Thinking Machines Corp provided a service called the Directory of Servers. It was a WAIS server like any other information source but contained information about the other WAIS servers on the Internet. When one would create a WAIS server with the TMC WAIS code it would create a special kind of record containing metadata and some common words to describe the content of the index. It would be uploaded to the central server and indexed along with the records from other public servers. One could search the directory to find servers that might have content relevant to a specific field of interest.
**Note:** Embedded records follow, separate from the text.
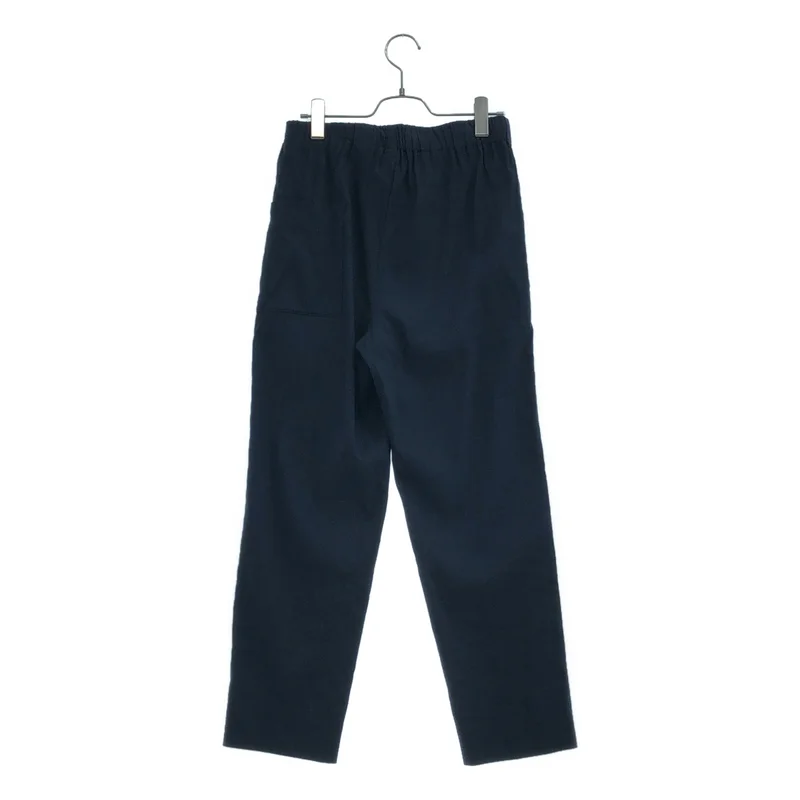JOHN SMEDLEY / ジョンスメドレー | リネン イージーパンツ | 1 | レディース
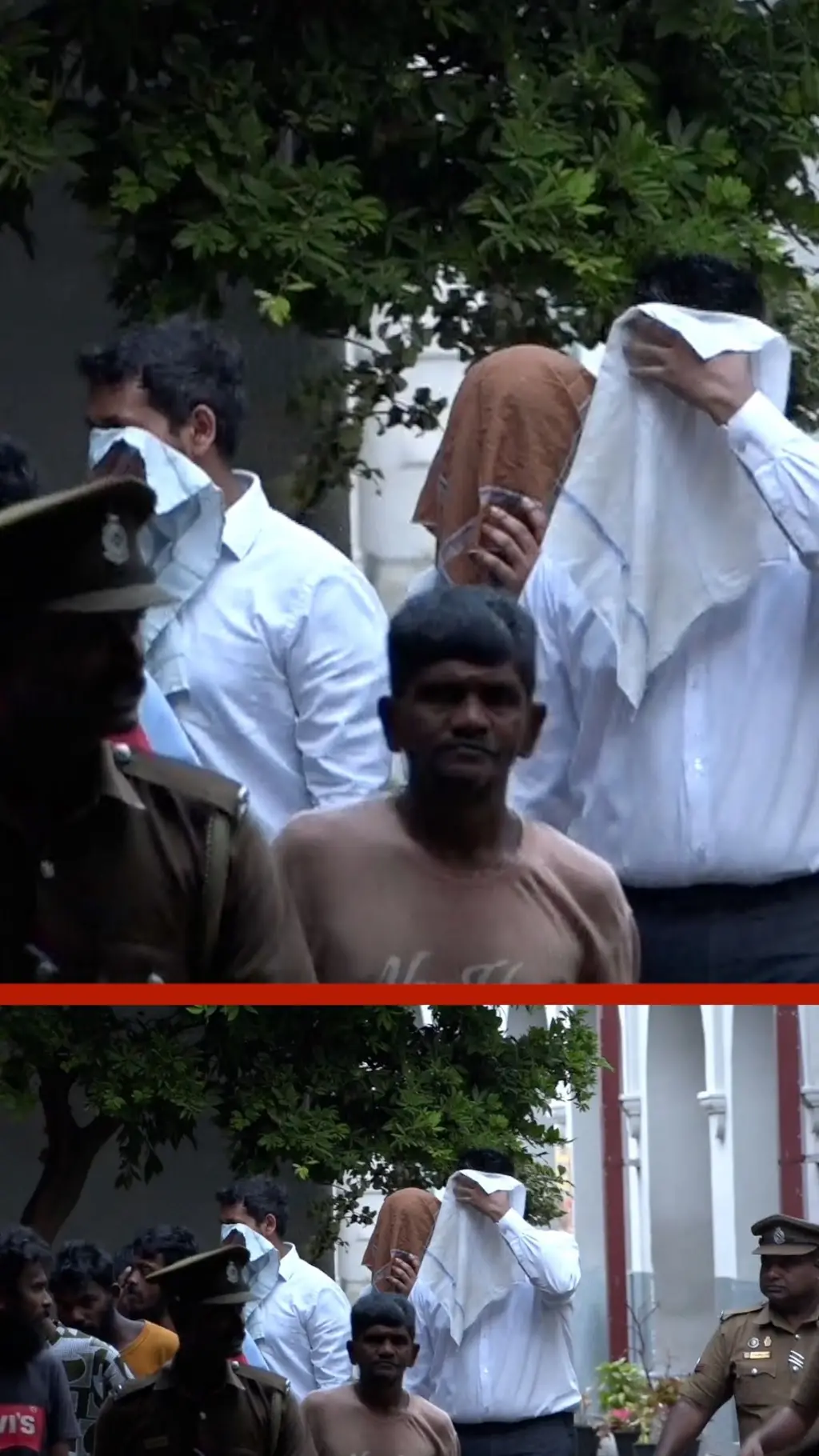ඩොලර් බිලියනයක් රටින් පිට කිරීම: වාණිජ බැංකු 4ක නිලධාරීන් සිව් දෙනෙක් රිමාන්ඩ්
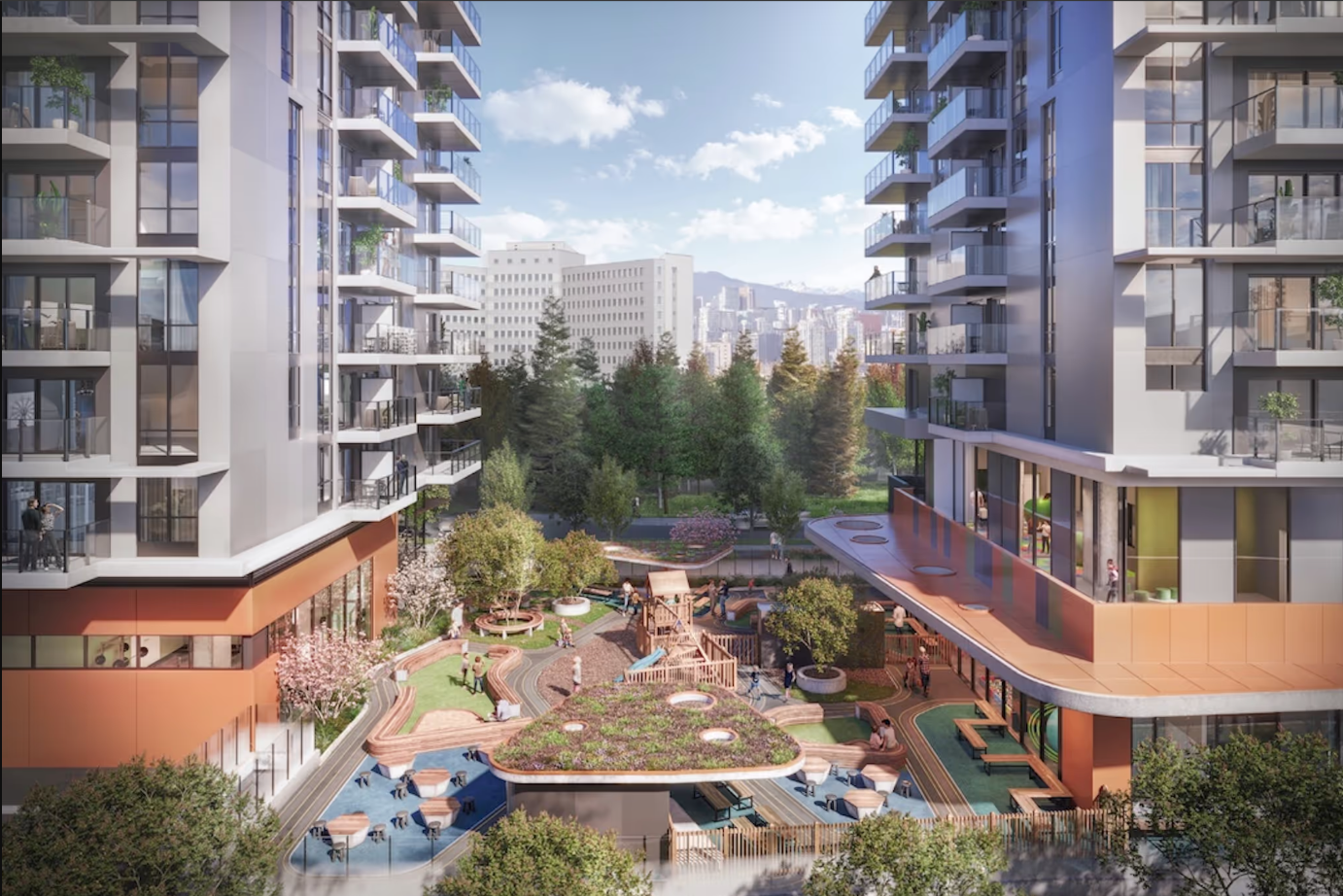 Vancouver City Council approves nearly 3,100 new homes in 13 high-rise towers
This model of searching for (WAIS) servers to search became the role model for GILS and Peter Deutsch's WHOIS++ distributed white pages directory.

[edit] People

One of the developers of WAIS was Brewster Kahle, who left Thinking Machines to found WAIS Inc in Menlo Park, California with Bruce Gilliat. After selling WAIS to AOL in May 1995 for $15 million, Kahle and Gilliat founded the Internet Archive and then Alexa Internet. Following the sale Margaret St. Pierre left WAIS Inc to start Blue Angel Technologies. Her "WAIS variant" formed the basis of MetaStar. François Schiettecatte left Human Genome Project at Johns Hopkins Hospital and started FS-Consult and developed his own variant of WAIS which eventually became ScienceServer--- a product later sold to Elsevier Science.

[edit] WAIS and Gopher

Public WAIS was often used as a full text search engine for individual Internet Gopher servers, supplementing the popular Veronica system which only searched the menu titles of Gopher sites.